Un examen de las perspectivas de nuestro tiempo exige el de lo acontecido en la URSS y en la Europa del Este, pero sobre todo una reflexión interpretativa. Los datos del debate ideológico son lo suficientemente claros, aunque no siempre quieran ser vistos como tales.

La crisis es del sistema

Es obvio, por ejemplo, que la crisis de la URSS no es el producto de una transformación de la sociedad que exija súbitamente la adecuación del sistema político a una sociedad ya cambiada, como sucedió en el caso español en 1975. En la URSS, por el contrario, es el propio sistema político, pero también social y económico el que ha entrado en crisis merced a su pésimo funcionamiento y al margen de un cambio social que también se ha producido. Ha sido la crisis del sistema la que ha trasladado el centro de gravedad de la reforma soviética desde la política económica, que constituyó su eje originario, a la política. La «glasnot» tenía como misión incorporar a las masas a los propósitos gubernamentales de mayor eficiencia económica, pero ha producido una multiplicación de los conflictos, principalmente en lo que atañe a las nacionalidades. Mientras tanto, la eficiencia del sistema no ha prosperado en absoluto y el aprovisionamiento se ha deteriorado. Gorbachov no ha demostrado tener un programa coherente y estable sino responder de modo sucesivo a la propia evolución de los acontecimientos. No ha producido una regresión, como a veces se temió, pero tampoco ha satisfecho los deseos de los sectores más decididamente reformistas. El proceso que tiene en sus manos avanza lenta y confusamente, pero no podemos pensar que vaya a obtener necesariamente un éxito a medio plazo. La situación es infinitamente mejor que antes del advenimiento de Gorbachov, pero la inestabilidad de un país, que sigue teniendo 30.000 cabezas nucleares, mantiene un interrogante grave sobre la vida de la humanidad que sería imprudente ignorar.

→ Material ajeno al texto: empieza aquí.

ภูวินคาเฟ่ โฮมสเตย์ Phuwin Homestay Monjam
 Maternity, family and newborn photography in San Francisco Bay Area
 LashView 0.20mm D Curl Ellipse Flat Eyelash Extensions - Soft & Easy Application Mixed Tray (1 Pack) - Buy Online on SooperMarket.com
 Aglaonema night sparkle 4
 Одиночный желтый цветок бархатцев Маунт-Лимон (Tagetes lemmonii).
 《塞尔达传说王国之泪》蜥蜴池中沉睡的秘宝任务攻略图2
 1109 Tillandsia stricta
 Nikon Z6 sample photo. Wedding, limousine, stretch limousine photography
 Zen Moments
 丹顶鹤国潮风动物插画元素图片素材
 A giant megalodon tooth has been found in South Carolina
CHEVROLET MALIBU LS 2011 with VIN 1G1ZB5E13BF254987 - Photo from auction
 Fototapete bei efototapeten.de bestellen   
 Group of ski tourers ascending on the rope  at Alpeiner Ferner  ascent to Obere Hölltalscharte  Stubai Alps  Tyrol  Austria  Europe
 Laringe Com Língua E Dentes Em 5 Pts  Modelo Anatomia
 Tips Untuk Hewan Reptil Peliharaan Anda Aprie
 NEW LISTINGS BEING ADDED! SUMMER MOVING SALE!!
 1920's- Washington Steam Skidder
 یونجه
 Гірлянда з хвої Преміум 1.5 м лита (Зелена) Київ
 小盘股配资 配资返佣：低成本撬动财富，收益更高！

Pero hay motivos para la confianza y por supuesto muy superiores a los que se daban en 1985 cuando llegó al poder Gorbachov. Lo sucedido en Europa del Este durante el año 1989 ha sido una auténtica revolución de la libertad. No era tan imprevisible como a veces se ha dicho por la simple razón de que en realidad esa Europa central —una denominación mucho más oportuna que decir sólo «del Este»— sólo ha sido comunista merced a la presencia del Ejército soviético en ella. Esto explica que, iniciado el derrumbamiento se haya ido acelerando con el impulso de la información y con el ritmo de lo progresivamente imparable. El comunismo ha demostrado ser una delgada película sobre esas sociedades que se han librado de él con relativa facilidad, pues los propios dirigentes comunistas habían perdido la conciencia de su legitimidad. Los nuevos dirigentes de estas regiones de Europa tienen ante sí gravísimos problemas, pero también una enorme ventaja respecto a Gorbachov: la claridad en el diagnóstico respecto del sistema político en que vivían y en los medios de librarse de él. Son intelectuales que nos permiten redescubrir los valores de una sociedad democrática en la que vivimos, pero que a veces parecemos haber olvidado. Lejos de tratarlos como «hijos pródigos» nos debiéramos dar cuenta de su ejemplo, porque son los verdaderos héroes de nuestro tiempo que han conseguido llevar a cabo una fabulosa hazaña.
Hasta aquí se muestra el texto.